And I would that I could utter
The thoughts that arise in me!"

An explanation of the title on the facing page ends with the sentence, "There is no joke or subtle meaning in the publisher's imprint." According to Robert Anton Wilson in the prologue to The Final Secret of the Illuminati (also known as Cosmic Trigger Vol. 1),

This seems to be a veiled warning about what will follow, but is actually the first lie in the book; occult historian Francis King has carefully determined the date on the imprint is inaccurate by at least a year.

In his Confessions, Crowley discusses how the book was to lead to his joining of O.T.O.. He wrote each chapter at lunch or dinner "by the aid of Dionysos," with one chapter that was especially troubling. He eventually was able to get it written after much effort, but he remained dissatisfied and angry with it. Not too long after it had been published, he was visited by Theodor Reuss, the then head of Ordo Templi Orientis (an organization he thought was little more than a repository of certain secrets of Freemasonry).

[Reuss] said that since I was acquainted with the supreme secret of the Order, I must be allowed the IX° and obligated in regard to it. I protested that I knew no such secret. He said, "But you have printed it in the plainest language." I said that I could not have done so because I did not know it. He went to the bookshelves and, taking out a copy of The Book of Lies, pointed to a passage in the despised chapter. It instantly flashed upon me. The entire symbolism, not only of freemasonry but of many other traditions, blazed upon my spiritual vision. From that moment the O.T.O. assumed its proper importance in my mind.

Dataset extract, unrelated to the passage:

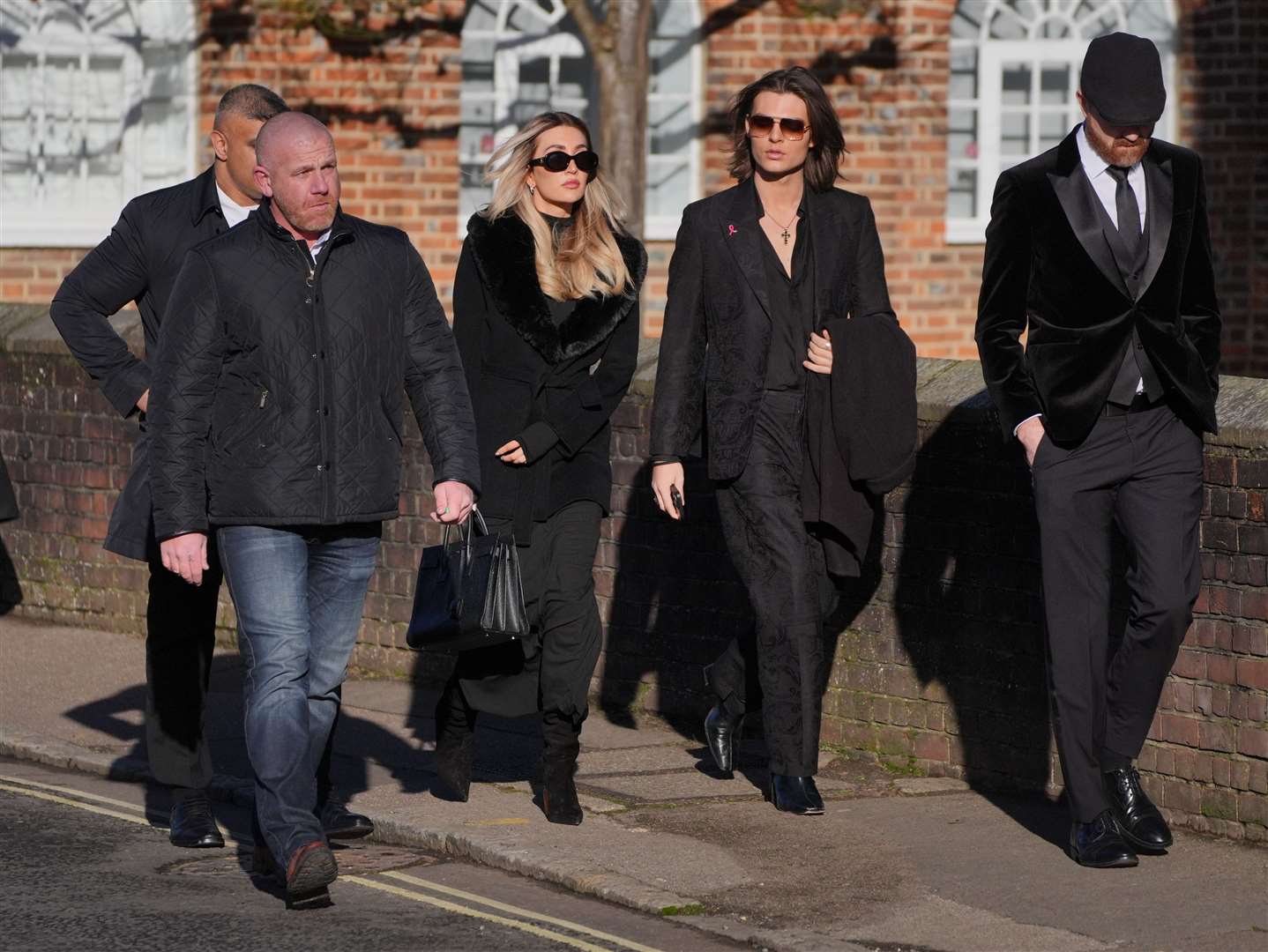 Kate Cassidy and Damian Hurley (second right) arrives for the funeral service of One Direction singer Liam Payne at St Mary’s Church in Amersham, Buckinghamshire (PA)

I understood that I held in my hands the key to the future progress of humanity. (Crowley 1979, pp. 708-709)

Aleister Crowley sometimes said that this could not have happened the way he remembered it, since The Book of Lies had not yet come out when he joined the O.T.O. As previously mentioned, however, Wilson claims that the book lies about its publication date.

Assuming this event did take place, readers have suggested various possible chapters that might contain the secret. Wilson points to Chapter 69, "The Way to Succeed—and the Way to Suck Eggs!" Crowley's book De Arte Magica names Chapter 36, "The Star Sapphire".